Nel film di Jonas Carpignano il cavallo ha un ruolo importante:
“La loro solidarietà viene dalla tradizione condivisa, per far capire che Pio fa la scelta che cambia il finale, lui lo fa perché sente il peso del passato, renderlo in maniera realistica era difficile. Non possiamo vivere il passato, ma è un peso che portiamo dietro, volevo fare vedere questo rapporto viscerale con il passato senza farmelo spiegare in camera, ecco volevo che fosse un elemento ben presente”.

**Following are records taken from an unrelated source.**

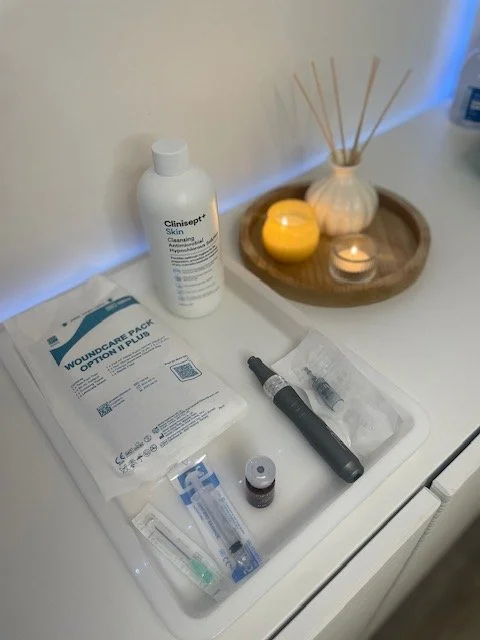 Medical and skincare items on a white surface, including a bottle of skin cleanser, a pack of wound-care dressings, a black skincare tool, a small dropper bottle, and a tube of ointment, with a decorative tray holding a candle, a candle holder, and reed diffuser sticks in the background.
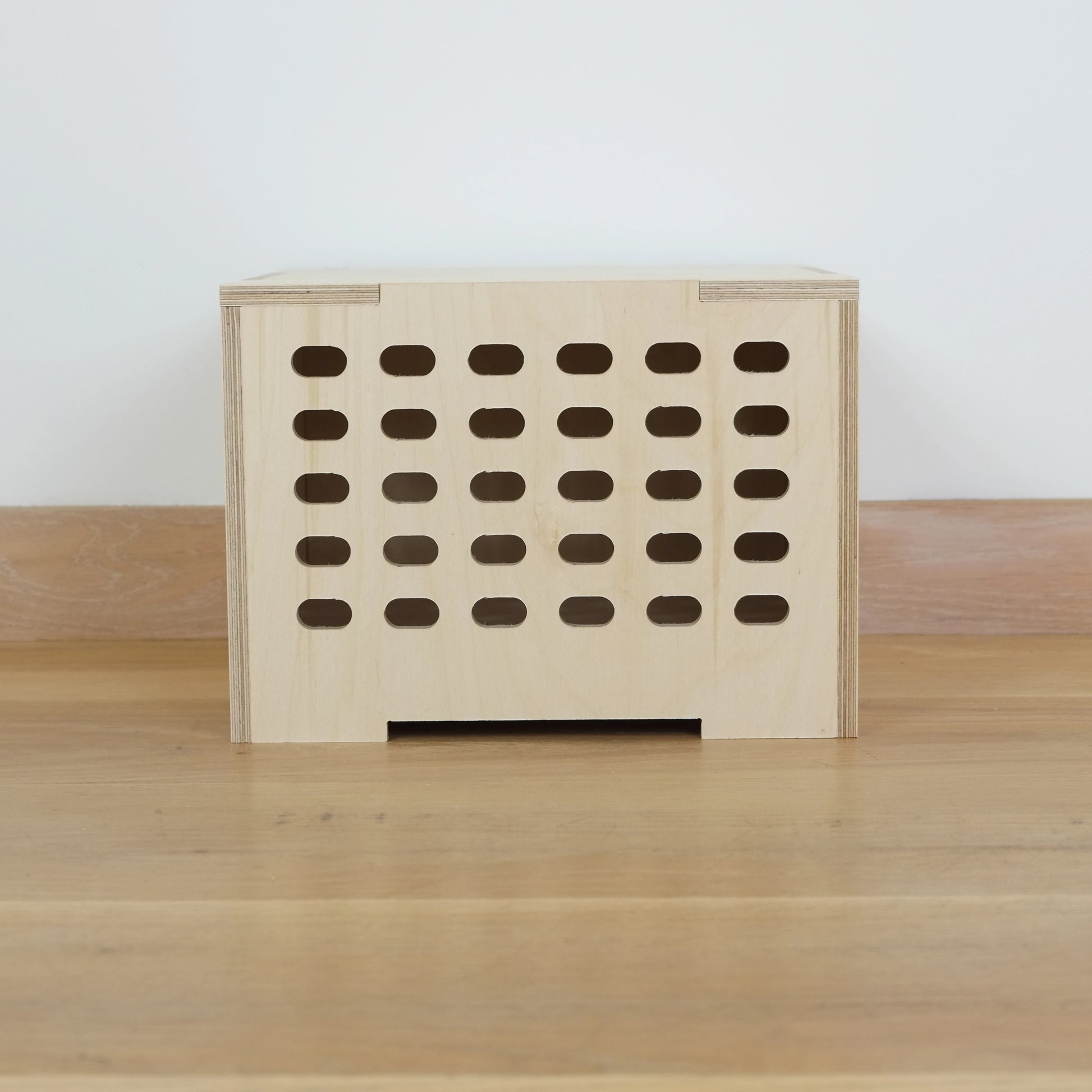 Birch plywood wooden crate with 5 rows of lozenge shape cutouts running vertically & wooden lid against a white wall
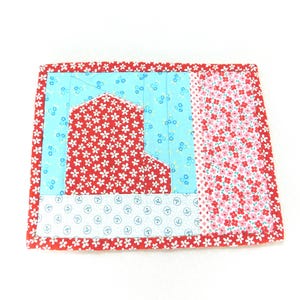 May include: A red, white, and blue patchwork coaster with a floral pattern. The coaster is made of fabric and has a quilted design.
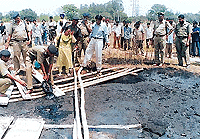 Police officials, assisted by forensic experts, attempt to extricate shoes and other material of the victim whose body was found earlier in a coal tar dump in Hallo Majra on Sunday. — Tribune photo by Parvesh Chauhan
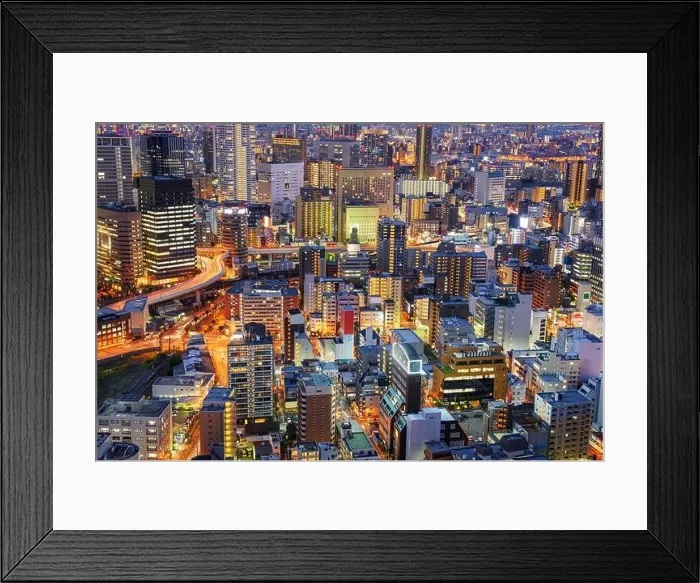 Framed Print : Osaka, Japan cityscape with dense architecture in the Umeda District at night Framed Print : Osaka, Japan cityscape with dense architecture in the Umeda District at night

A Ciambra arriva in sala il 31 agosto, intanto è stato presentato in anteprima a Gioia Tauro:
“Non sono una di quelle persone che dice: il cinema può cambiare il mondo. L’esperienza di lavorare con tante persone internazionali, è stato importante. Tutti vogliono fare un altro film, ma non vedo questo cambiamento. Loro tornano sempre nella Ciambra, Pio viene riconosciuto, ma lui si sente sempre uno zingaro della Ciambra, questo non lo cambi con un’ora di lavoro. Conosco molte persone nella città, hanno solo una sala con 900 posti, abbiamo avuto qualche problema il giorno della prima perché i posti erano limitati. Adesso con il senno di poi, è stato bellissimo, ma non mi sono divertito”.
A Ciambra parla anche della ‘ndrangheta, presente nell’area, come l’ha rappresentata:
“L’ho resa come la vedo, l’idea di questo film non era fare un film di denuncia. La ‘ndrangheta c’è, ma non la senti presente come la camorra, Gioia Tauro è un posto piccolo, c’è, influisce tutto, ma non la vedi mentre cammini per strada. Io c’ho messo tempo a capire che cos’è. È una cosa molto sottile”.
A Ciambra vi aspetta al cinema dal 31 agosto per scoprire un’altra Calabria e un giovane talento del cinema italiano. Da non perdere!